What I do find most striking – what I’ve become much more aware of through my “day job” of working with youngsters – is how adult oriented the comic industry has become. I’ve always viewed comics as a great way to encourage kids to read, to capture their attention and build their love for the written word and for art as a form of expression, even if, in this case, it exists in a four-color world in little rectangular boxes, However, as I sift through books to see what would be appropriate for my little peeps, it seems I often come up rather short, as the very overt sexuality and the good ol’ T & A and the gouging bodily wounds on the brightly colored covers abound plentifully. That said, I’ve always loved how my favourite comic shop, Strange Adventures, has kid friendly comics on spinner racks (!!) brightly displayed as soon as you enter the store, and how it’s owner Cal always encourages kids to try out books that are age appropriate and yet still fun and action orientated enough that they still might enjoy, so that kids and parents may find what they’re looking for easily, and the child can be spared the post traumatic stress disorder that may come from thumbing through the titles on those high up shelves.
Which again leads me to wonder WHO these books are marketed towards, as clearly it’s not the young ‘uns. And if we can agree on that, then we can also agree we’ve not entered some time warp and are now back somewhere deep in the 80s where Daisy Duke and her daisy dukes reigned supreme and the closest we got to cultural diversity was Arnold and his “what you talkin’ about Willis?” Or, in other words, it’s the 21st century, we’re all adults here (even if’s supposed to be a kid-centric industry), and as adults we come from different backgrounds of ethnicity, status, religion, politics, and orientation, and we can handle….furthermore we want, we need, we crave….all those bright and shiny differences that life in its infinite wisdom throws at us. And you know something? I have to think that when the comic book industry figures that out, and can perhaps honor those differences…then perhaps the industry won’t die, won’t be left behind, and can once again be the bright shiny beacon of hope it was always intended to be.

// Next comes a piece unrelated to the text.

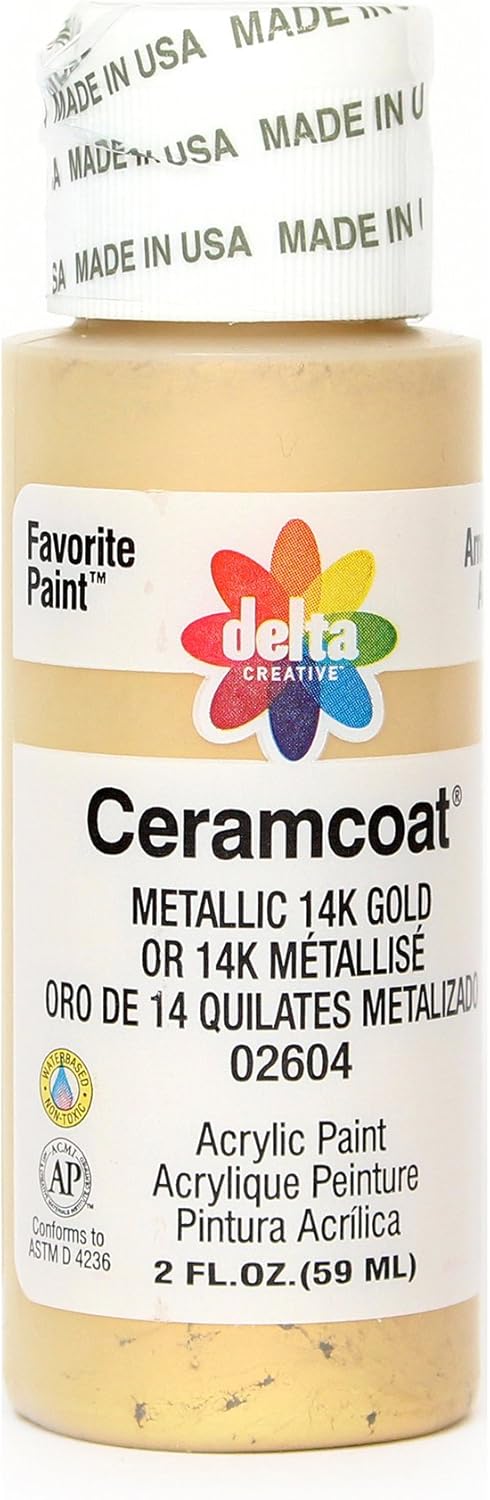 Delta Creative Ceramcoat – Pintura acrílica metálica y perla en varios colores (2 onzas), 2604, oro metálico de 14 quilates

In the meantime I think I’ll create my own superhero of sorts. He’ll be tall and blond, strong and muscular, yet with a lithe swimmers build (gotta explain that abnormally long torso somehow!), and he’ll drive a silver Volvo named Bjorn (the car’s Swedish, after all!), and his power will be to search out and rescue long forgotten treasures, and reunite them with their long-lost but rightful owners. His trusty sidekick and not so secret (mostly because he can’t stop talking long enough to keep one!) lover will be the dark to his light, and will use humour and charm and his wily ways to infiltrate society at large (wait! He sounds like the bad guy!), persuading evil doers to instead do his bidding, because, really, he’s a cool guy and clearly he knows where it’s at. And let’s not forget their pet cat, who’s orange and chubby and sleeps all day and looks like an unmade bed most of the time, but clearly is the mastermind behind all this do goodin’.
Hey, wait a second….I resemble that remark!